━━━━━ RECORDS SUPPLIED ━━━━━
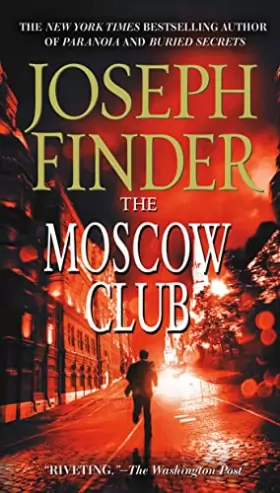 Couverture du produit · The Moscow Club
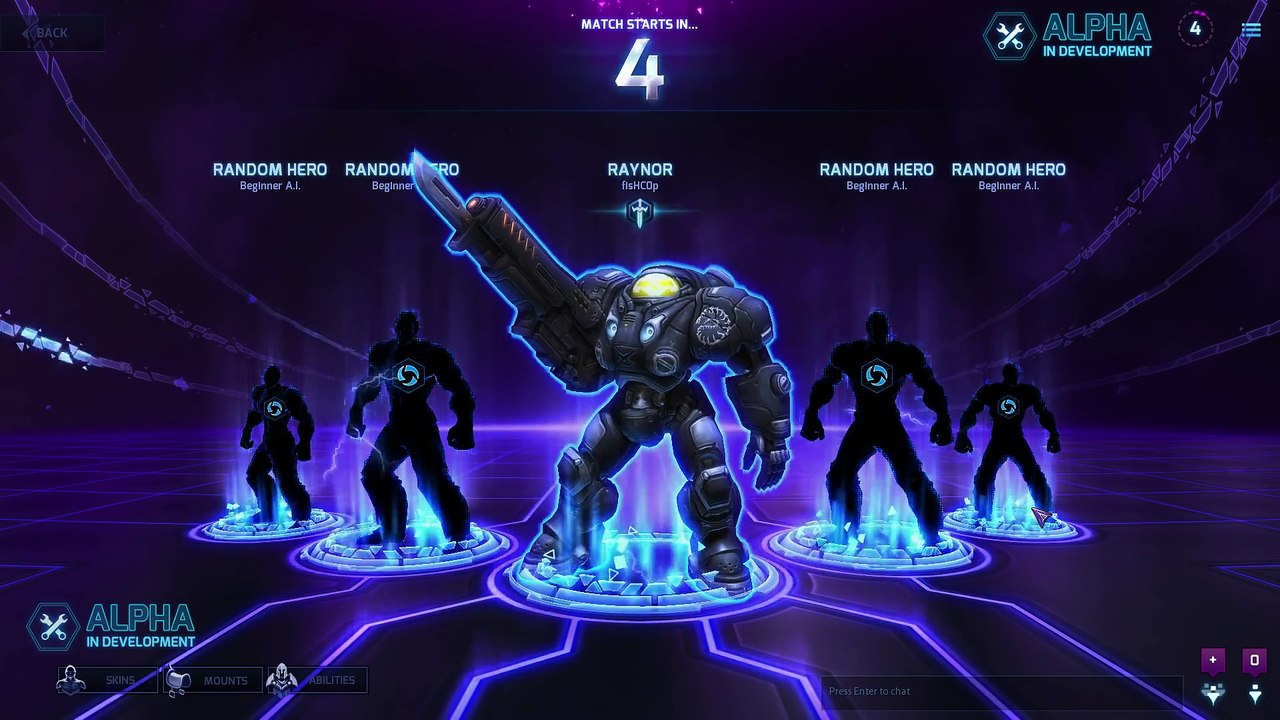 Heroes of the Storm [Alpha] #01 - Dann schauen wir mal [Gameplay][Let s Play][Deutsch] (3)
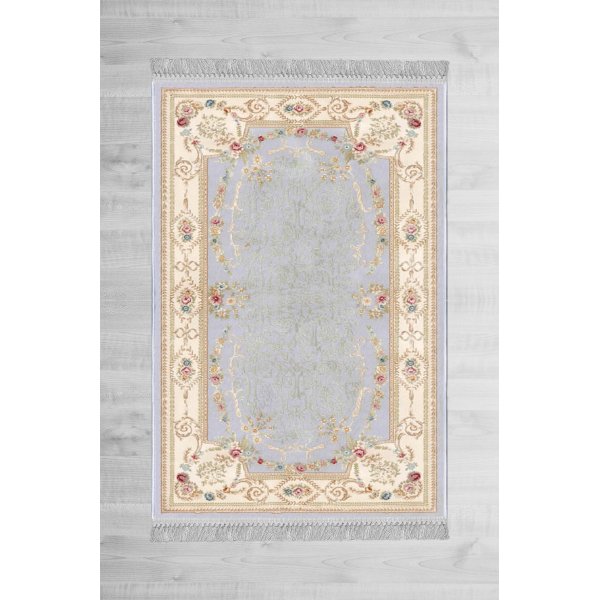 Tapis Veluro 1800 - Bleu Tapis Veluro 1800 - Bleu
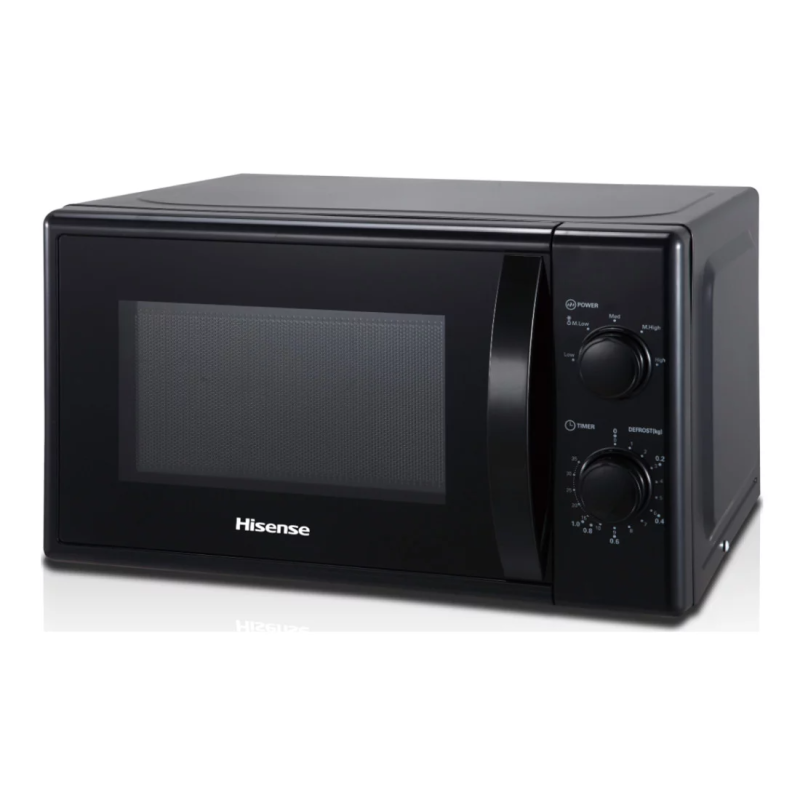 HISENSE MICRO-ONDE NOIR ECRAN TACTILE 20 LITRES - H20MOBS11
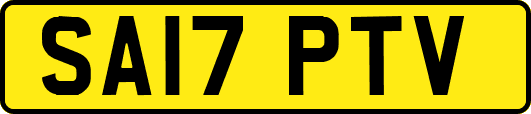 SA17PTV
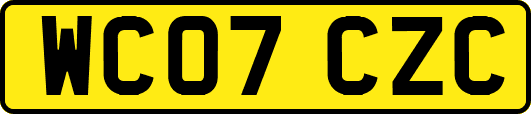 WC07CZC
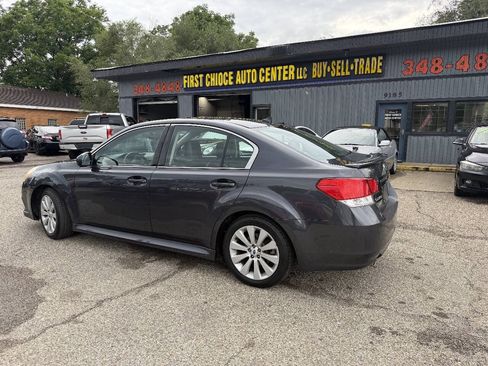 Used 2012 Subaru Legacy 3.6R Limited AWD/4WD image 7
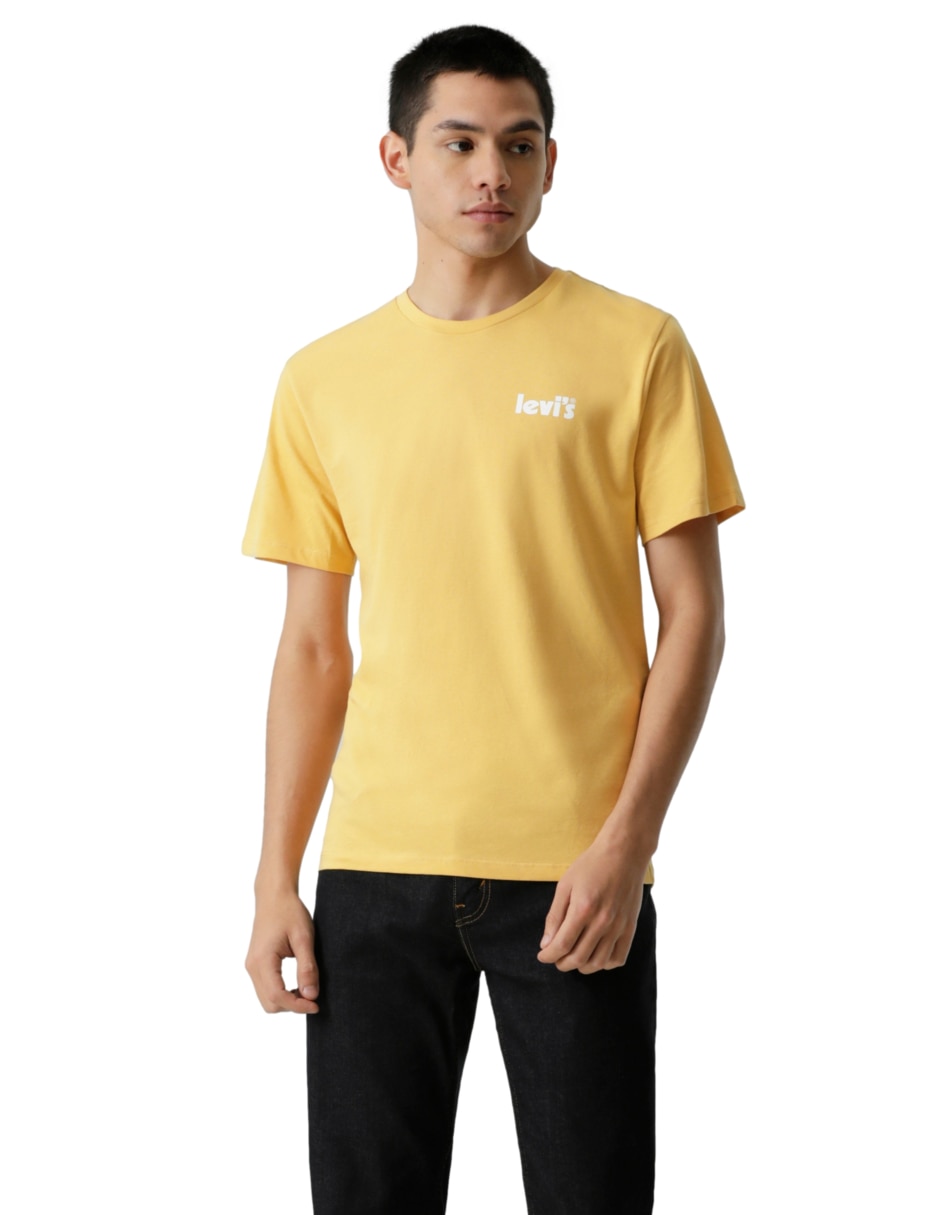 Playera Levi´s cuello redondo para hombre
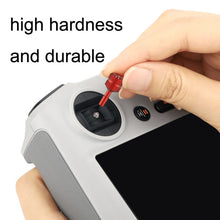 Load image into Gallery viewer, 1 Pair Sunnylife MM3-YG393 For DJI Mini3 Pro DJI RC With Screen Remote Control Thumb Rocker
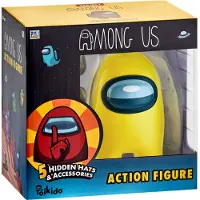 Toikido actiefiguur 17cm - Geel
━━━━━
━━━━━ RECORDS SUPPLIED ━━━━━
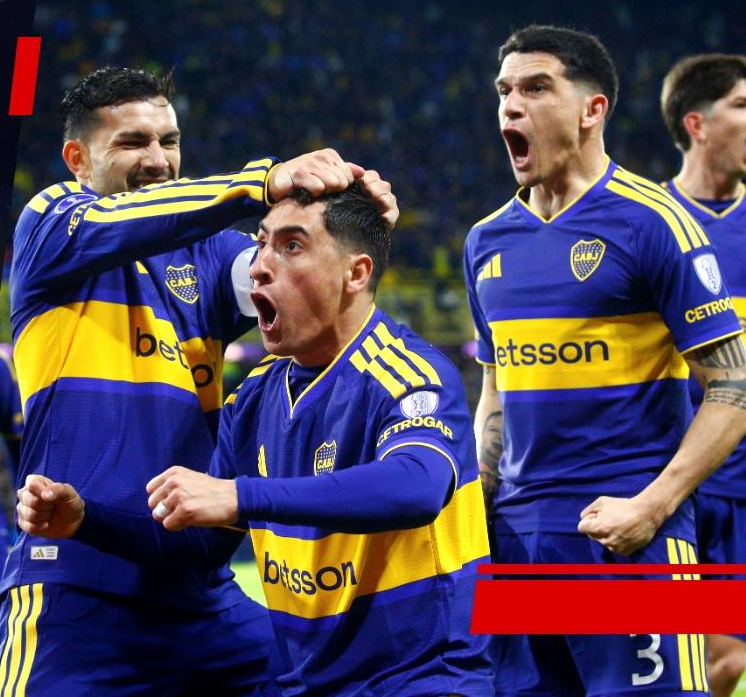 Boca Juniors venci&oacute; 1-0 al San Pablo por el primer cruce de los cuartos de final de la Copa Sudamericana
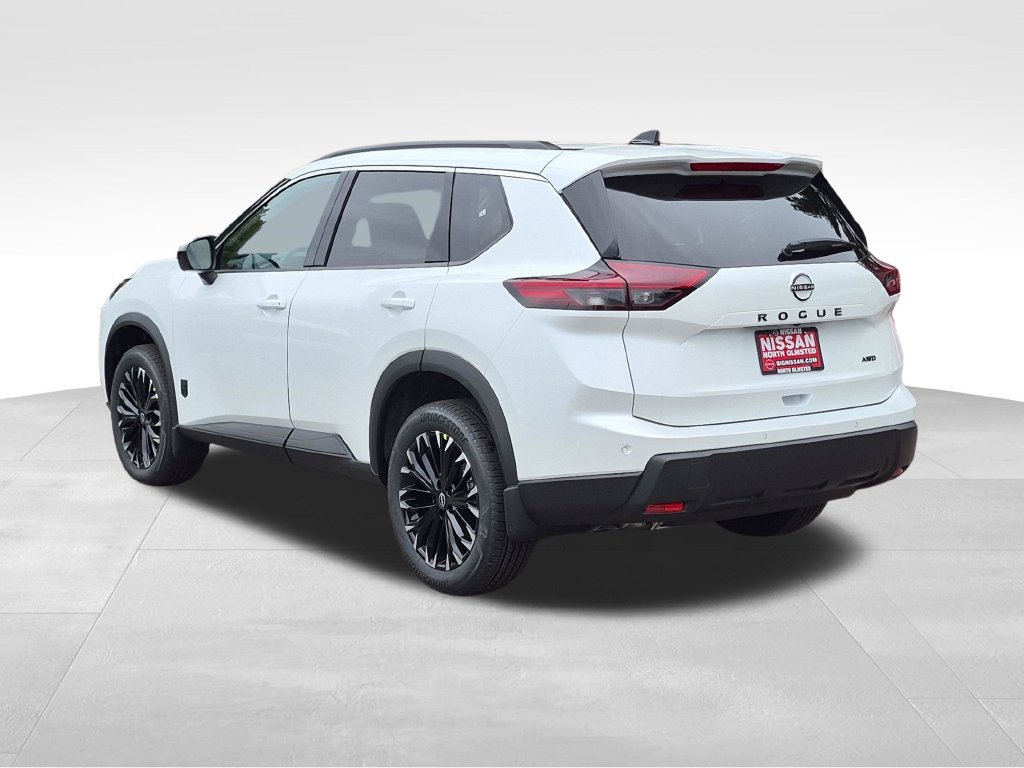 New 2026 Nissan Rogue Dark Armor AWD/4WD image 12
━━━━━
━━━━━ RECORDS SUPPLIED ━━━━━
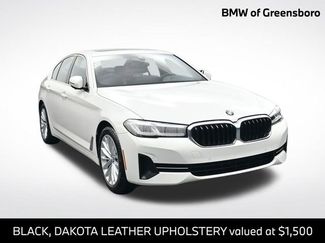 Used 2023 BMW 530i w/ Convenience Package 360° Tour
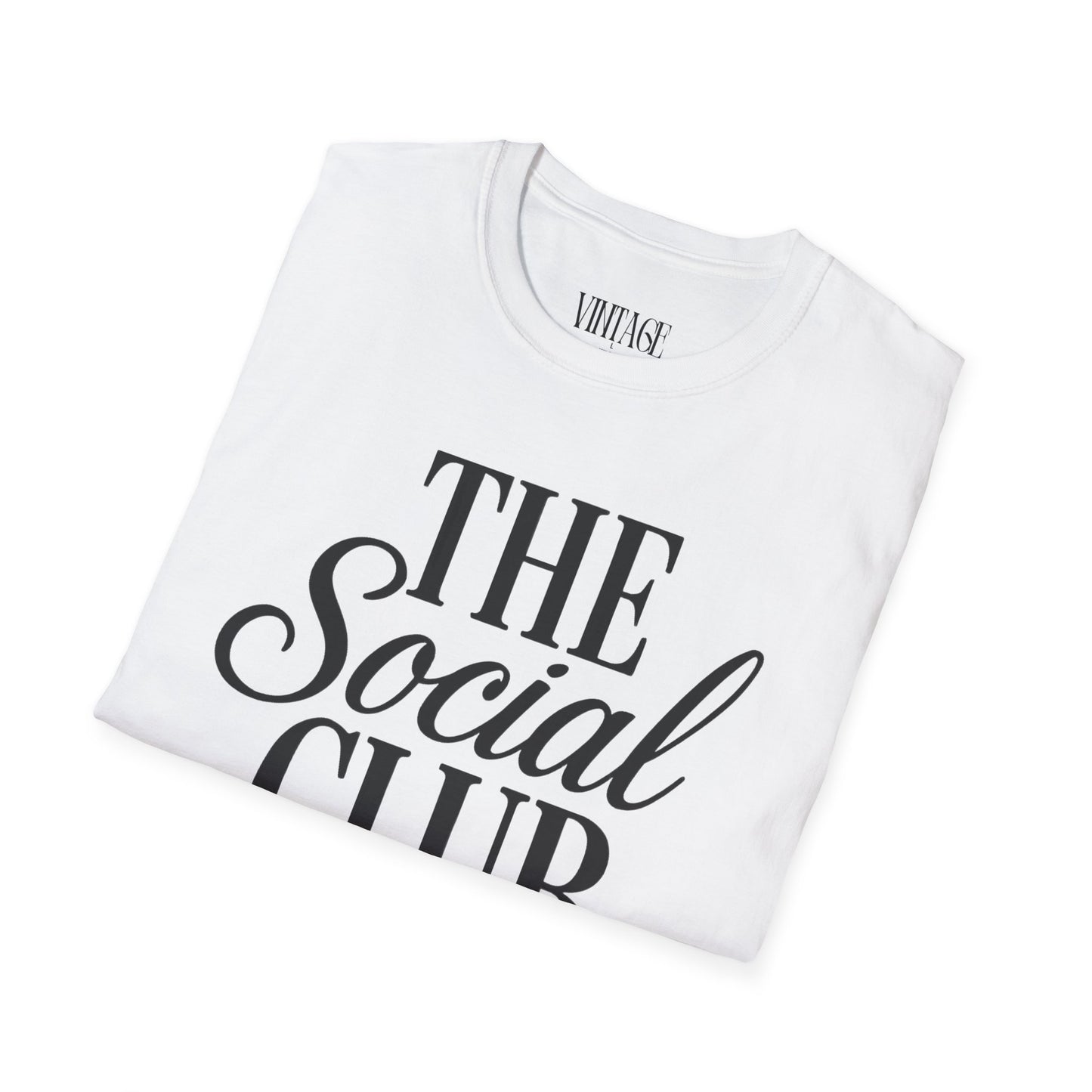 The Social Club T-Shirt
━━━━━
§ WHAT THIS TASK INVOLVES
In the listing above, find the line containing "Used 2023 BMW" and the line containing "The Social Club T-Shirt", then output those two lines and everything between them exactly as written, without the images.

§ SOLUTION FOR THIS TASK
 Used 2023 BMW 530i w/ Convenience Package 360° Tour
 The Social Club T-Shirt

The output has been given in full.